Exercise description:
Note each line in the data below that holds "select", and copy it.
*** Block opens ***
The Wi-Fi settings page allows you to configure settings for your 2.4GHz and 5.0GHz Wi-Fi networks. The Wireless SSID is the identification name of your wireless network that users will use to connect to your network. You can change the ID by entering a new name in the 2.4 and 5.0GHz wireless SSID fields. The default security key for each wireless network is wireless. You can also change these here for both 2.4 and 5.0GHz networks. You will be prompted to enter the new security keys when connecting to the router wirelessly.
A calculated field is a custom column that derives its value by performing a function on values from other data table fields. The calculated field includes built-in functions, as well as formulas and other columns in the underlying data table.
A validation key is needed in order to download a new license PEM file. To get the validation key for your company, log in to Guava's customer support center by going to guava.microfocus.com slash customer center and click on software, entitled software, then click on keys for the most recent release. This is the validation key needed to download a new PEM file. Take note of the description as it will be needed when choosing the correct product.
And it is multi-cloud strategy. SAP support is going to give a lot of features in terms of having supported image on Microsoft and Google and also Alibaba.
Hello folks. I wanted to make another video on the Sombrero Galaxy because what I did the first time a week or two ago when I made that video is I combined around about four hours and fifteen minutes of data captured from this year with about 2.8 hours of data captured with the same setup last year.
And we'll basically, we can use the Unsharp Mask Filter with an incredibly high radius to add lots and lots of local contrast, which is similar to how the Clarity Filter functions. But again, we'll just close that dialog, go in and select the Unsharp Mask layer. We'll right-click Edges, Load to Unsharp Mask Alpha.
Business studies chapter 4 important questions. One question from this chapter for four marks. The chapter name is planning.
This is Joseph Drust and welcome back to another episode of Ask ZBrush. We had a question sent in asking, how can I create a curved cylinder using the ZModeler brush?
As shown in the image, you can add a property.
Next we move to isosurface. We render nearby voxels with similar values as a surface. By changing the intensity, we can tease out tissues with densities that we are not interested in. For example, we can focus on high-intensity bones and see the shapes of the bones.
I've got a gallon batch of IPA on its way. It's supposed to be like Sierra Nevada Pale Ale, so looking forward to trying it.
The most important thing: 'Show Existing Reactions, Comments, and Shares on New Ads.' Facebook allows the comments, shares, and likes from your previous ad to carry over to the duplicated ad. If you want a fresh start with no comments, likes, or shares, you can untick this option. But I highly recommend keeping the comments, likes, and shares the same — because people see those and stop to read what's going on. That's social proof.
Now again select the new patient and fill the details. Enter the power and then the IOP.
*** Block closes ***
Response to this exercise:
And we'll basically, we can use the Unsharp Mask Filter with an incredibly high radius to add lots and lots of local contrast, which is similar to how the Clarity Filter functions. But again, we'll just close that dialog, go in and select the Unsharp Mask layer. We'll right-click Edges, Load to Unsharp Mask Alpha.
Now again select the new patient and fill the details. Enter the power and then the IOP.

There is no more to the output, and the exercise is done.